In Diag. For the steels AH, the corrosion factor S _{K shows} the mass loss M _V given in mm / year, which was determined by gravimetric measurements in the immersion test in boiling acetic acid solution. The strikingly higher mass loss of the comparative steel H, which is not according to the invention, is due to the fact that the corrosion factor for this steel is 6.85% and is thus far below the lower limit specified according to the invention for this factor. It should also be noted that the comparative steels F and G meet the requirements for corrosion resistance, but at the same time have poor wear resistance (Diag. 1).

Claims (11)

1. Steel with high wear and corrosion resistance, which is produced by spray compacting and has the following composition (in% by weight):
C: 0.5-2.5%
Si: ≦ 1.0%
Mn: ≦ 1.0%
P: ≦ 0.03%
S: ≦ 0.03%
Cr: 12.0-20.0%
Mo: 0.1-2.0%
V: 0.1-6.0%
Nb: 0.1-3.0%
W: 0.1-2.0%
N: 0.01-0.5%
O ₂ : ≦ 0.005%
if necessary, further alloy components and the balance iron and usual impurities. 2. Steel according to claim 1, characterized characterized in that the content of C: 1.5-2.0 wt .-%, the Cr content: 16.0-18.0% by weight, the Mo content: 1.0-1.5% by weight, V content: 0.5-6.0% by weight, the Nb content: 0.5-3.0% by weight and the W content: 0.1-1.0% by weight.   3. Steel according to one of the preceding claims, characterized in that he contains up to 0.05 wt .-% boron. 4. Steel according to one of the preceding claims, characterized in that he contains up to 0.5 wt .-% titanium. 5. Steel according to one of the preceding claims, characterized in that he contains up to 0.5% by weight of zircon. 6. Steel according to one of the preceding claims, characterized in that a wear factor S _V corresponding to the sum of its weighted contents of Mo, V, Nb, W fulfills the following condition:
0.79 <S _V <1.97
with: S _V = (A _Mo / 15.98) + (A _V / 4.24) + (A _Nb / 7.74) + (A _W / 15.32)
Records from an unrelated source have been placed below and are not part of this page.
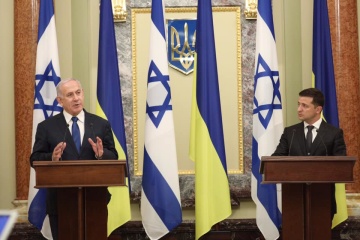 Зеленський закликав Ізраїль визнати Голодомор геноцидом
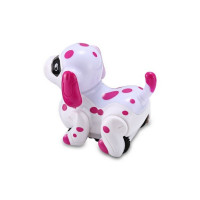 Робот-собачка HappyCow 777-614, сенсор, движется по линии, свет, звук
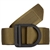 Crafted from ultra-strong nylon mesh and a solid stainless steel buckle, tested for tensile strength up to 5,100 lbs, the 5.11 tactical 1.75â€ Operator Belt provides more than enough support and durability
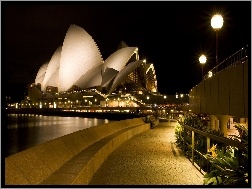 Australia, W, Opera, Sydney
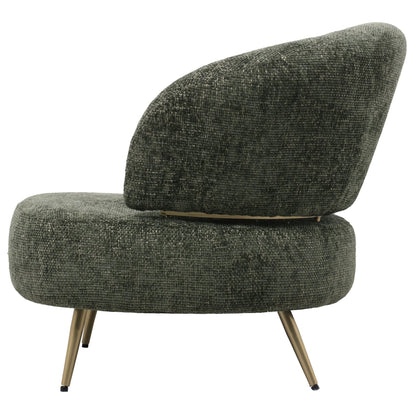 Fotel Franklyn Olive Sic Legacy 10 PTMD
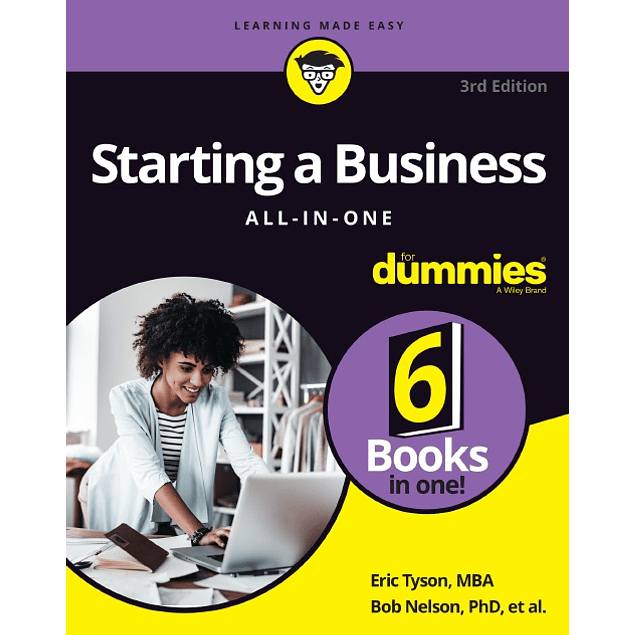 Starting a Business All-in-One For Dummies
A _Mo : Mo content in% by weight
A _V : V content in% by weight
A _Nb : Nb content in% by weight
A _W : W content in% by weight 7. Steel according to claim 6, characterized in that a from its weighted contents of Cr, C and N while taking into account the wear factor S _V corrosion factor S _K meets the following condition:
S _K <9.9% by weight
with: S _K = A _Cr - 10.09 (A _C - S _V ) + 30A _N
A _Cr : Cr content in% by weight
A _C : C content in% by weight
A _N : N content in% by weight 8. Steel according to one of the preceding claims, characterized in that he contains additional hard materials in its matrix, which in the course of spray compacting as solid particles in the Spray jet have been injected. 9. A method for producing a steel according to one of the preceding claims, thereby characterized in that the steel after the Spray compacting at initial temperatures of up to 1250 ° C is hot-formed that the hot-formed Steel is cooled that the cooled steel is on an austenitizing temperature of 1050 ° C to 1175 ° C is reheated that the reheated steel is quenched and that the quenched steel at Temperatures of 150 ° C-600 ° C is left. 10. The method according to claim 9, characterized characterized that the steel before his Hot forming is annealed.   11. Composite material with at least one through a first Steel produced first layer and at least one second layer through a spray compacted steel is formed according to one of claims 1 to 8, wherein the Steel of the first layer has a different composition than the spray-compacted steel.